***** Provided data *****

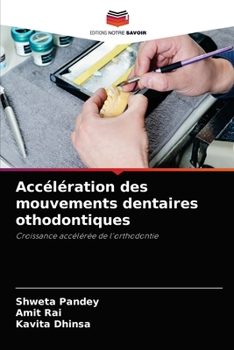 Paperback Accélération des mouvements dentaires othodontiques [French] Book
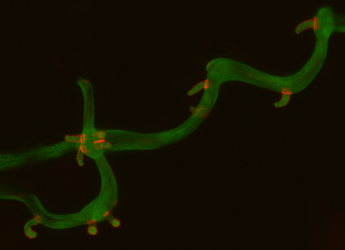 Image showing mRFP tagged PiHMP1 protein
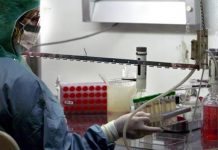 Niño muere tras contraer ántrax en Rusia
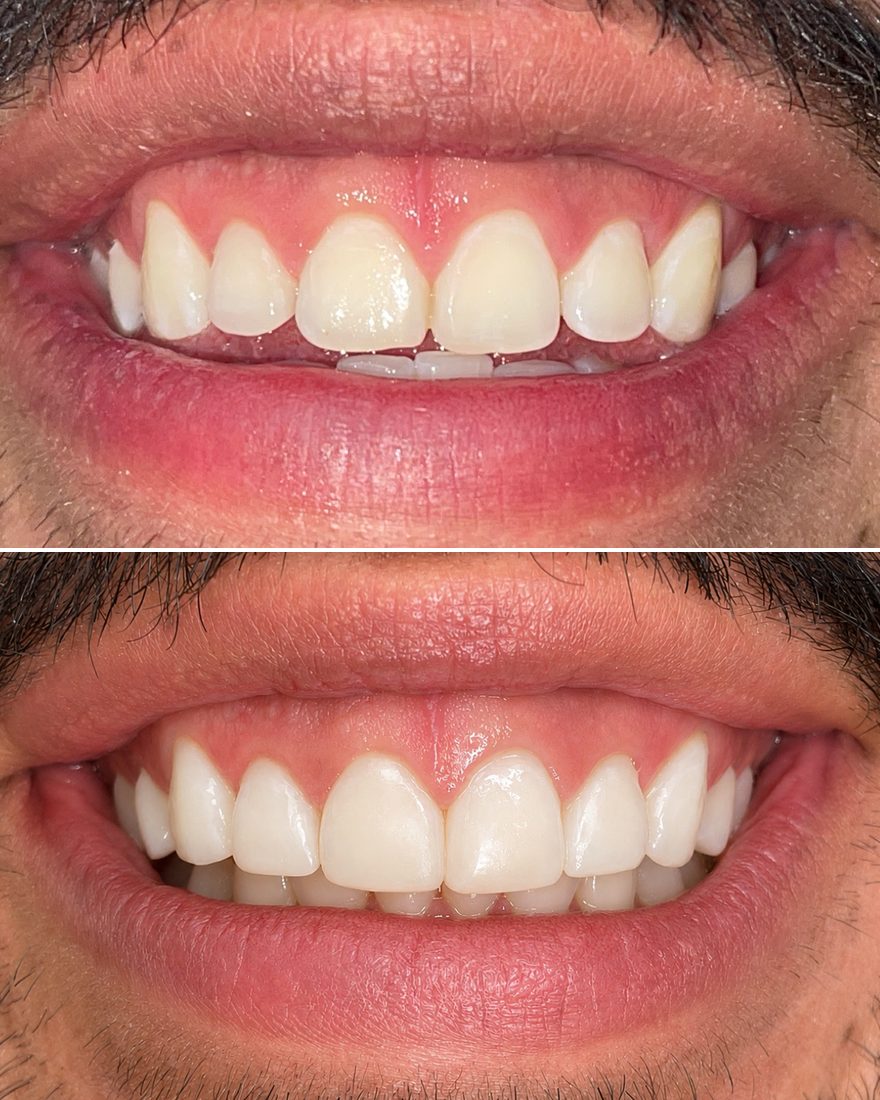Before and after: cosmetic bonding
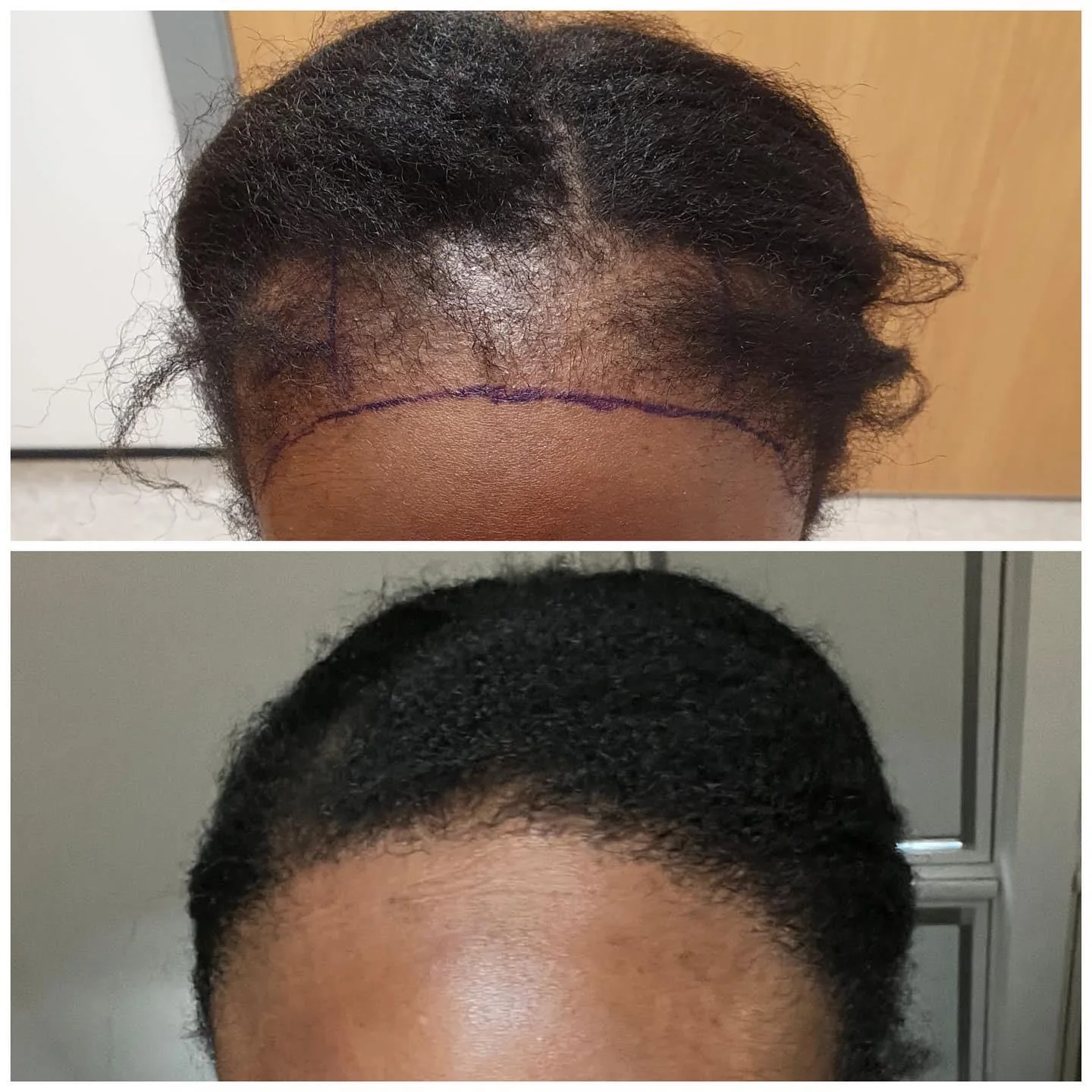 Hair transplant patient photo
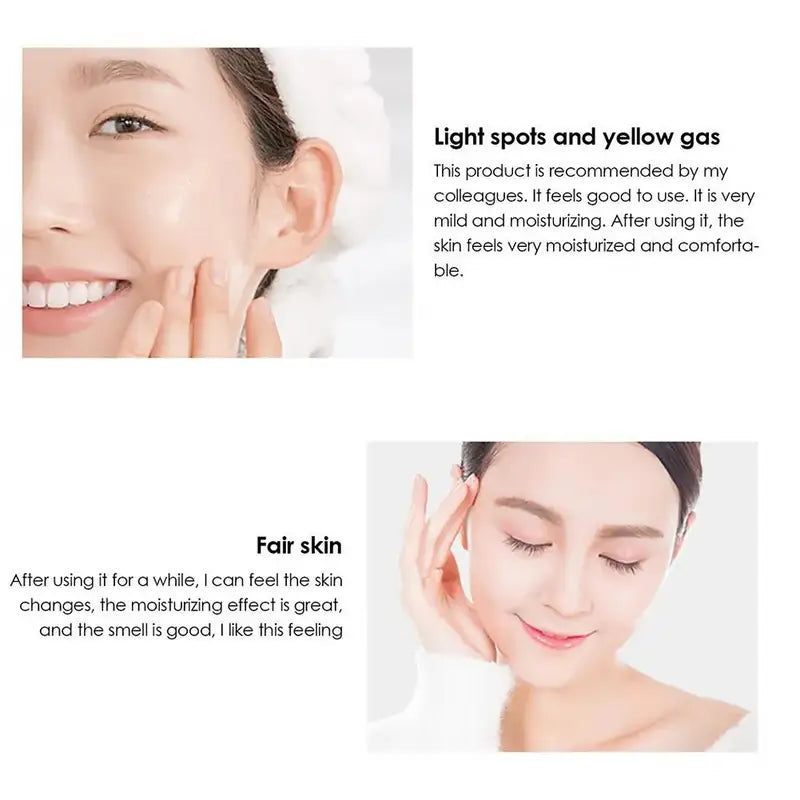 Whitening Face Cream for Dark Spot & Freckle Removal - Brightening Skin Care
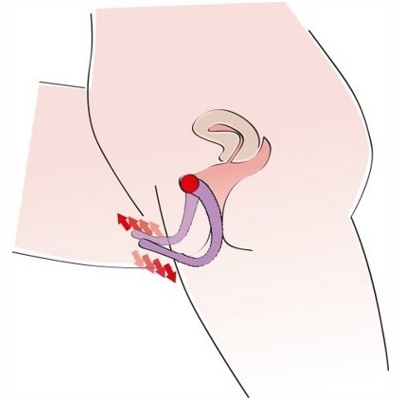 «Intimate Spreader» – Вагинальный расширитель- фото6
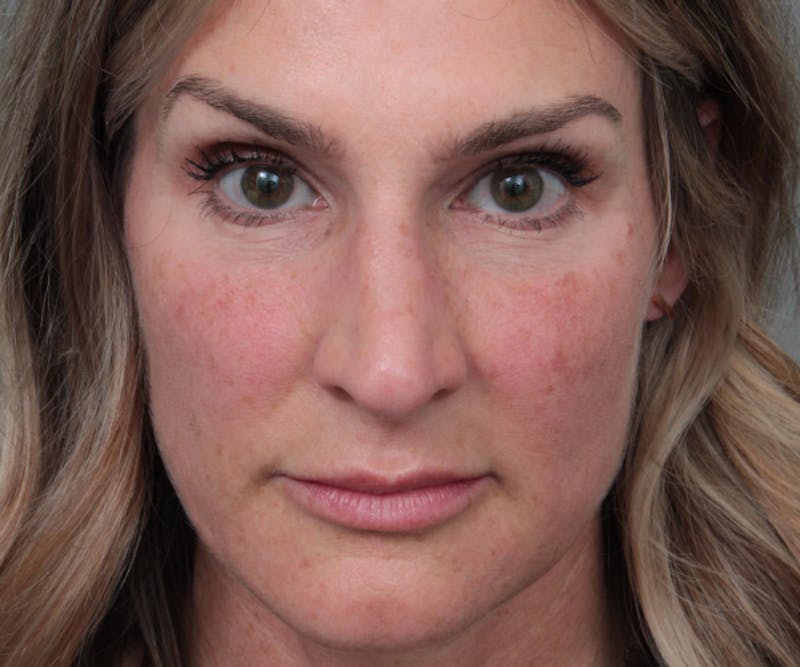 Rhinoplasty Before & After Gallery - Patient 316638 - Image 1 - Scott Chapin, MD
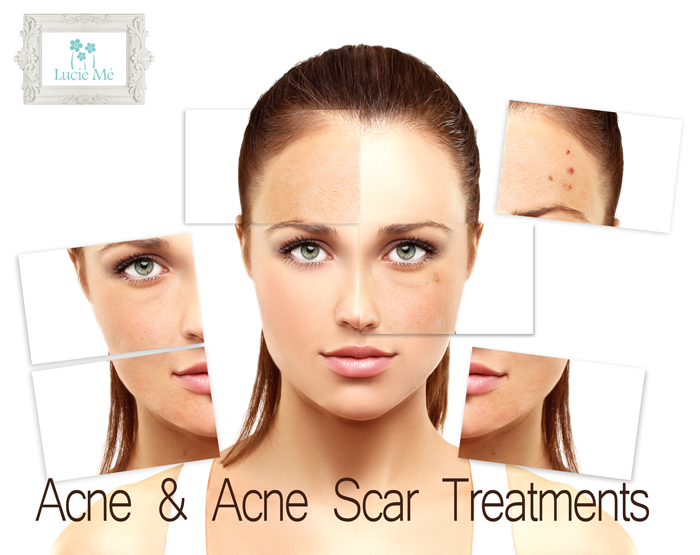 Acne & Acne Scar Treatments – Lucie Me Medical Spa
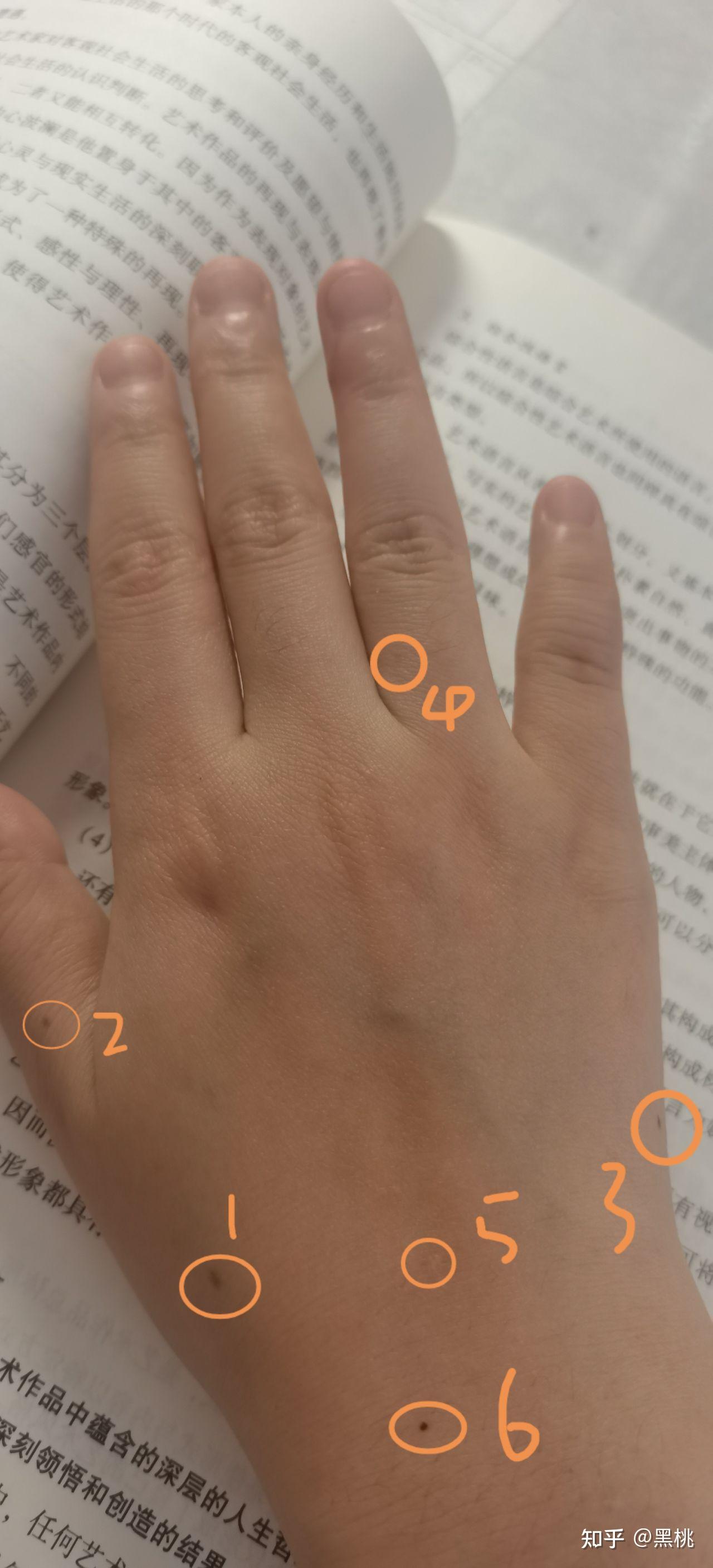 右手背长痣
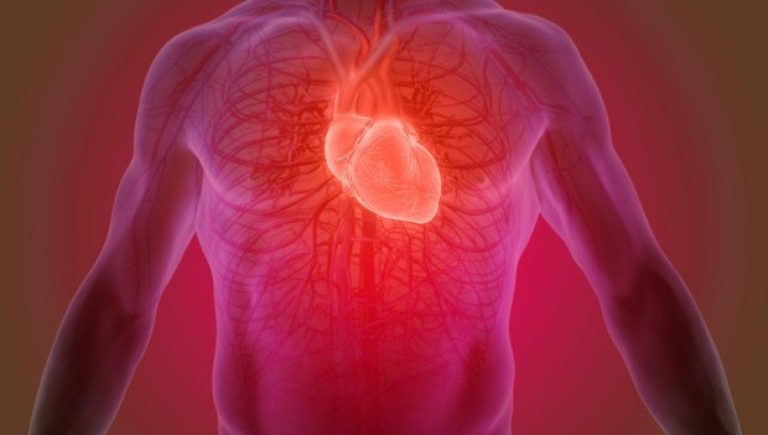 Crise cardiaque aiguë, voici l'analyse 3D qui permet de comprendre pour quelles artères le stent est nécessaire


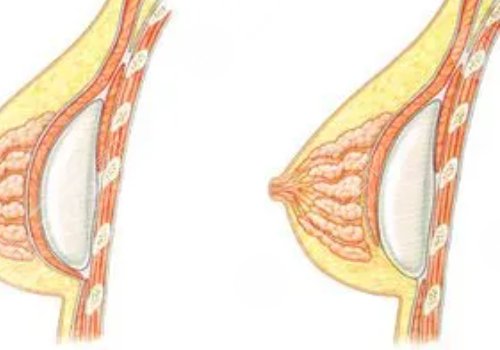 光面假體和毛面假體的優(yōu)缺點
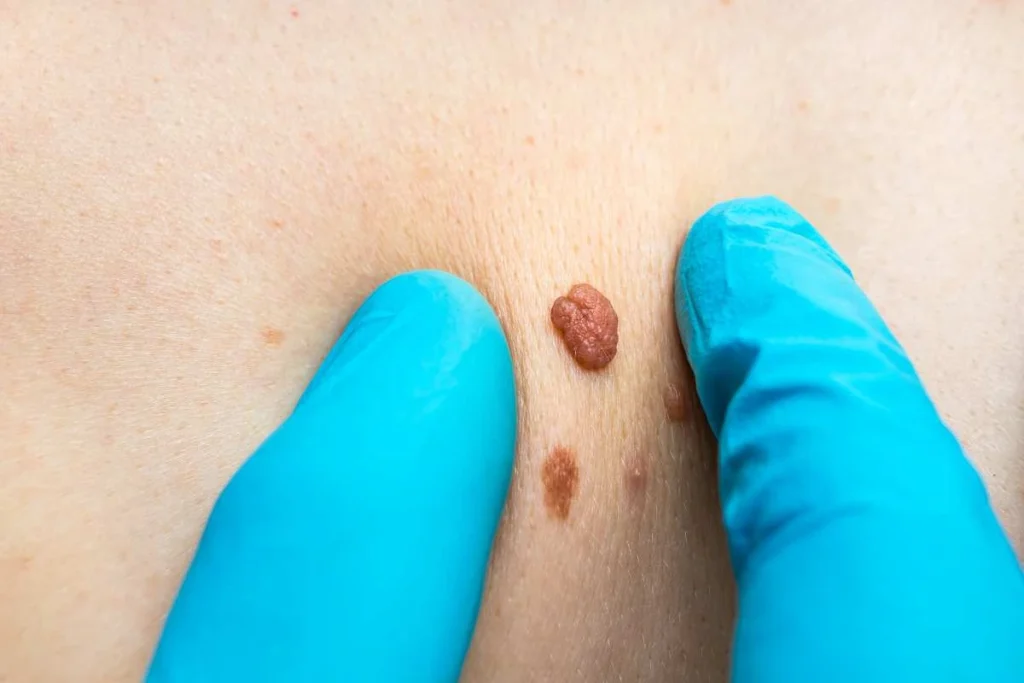 Consultant examining a skin tag North Kensington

*****

Prompt:
Beginning with the line that contains "光面假體和毛面假體的優(yōu)缺點", write out the remaining lines of the listing above through the last, exactly and only those, without pictures.

Answer box:
 光面假體和毛面假體的優(yōu)缺點
 Consultant examining a skin tag North Kensington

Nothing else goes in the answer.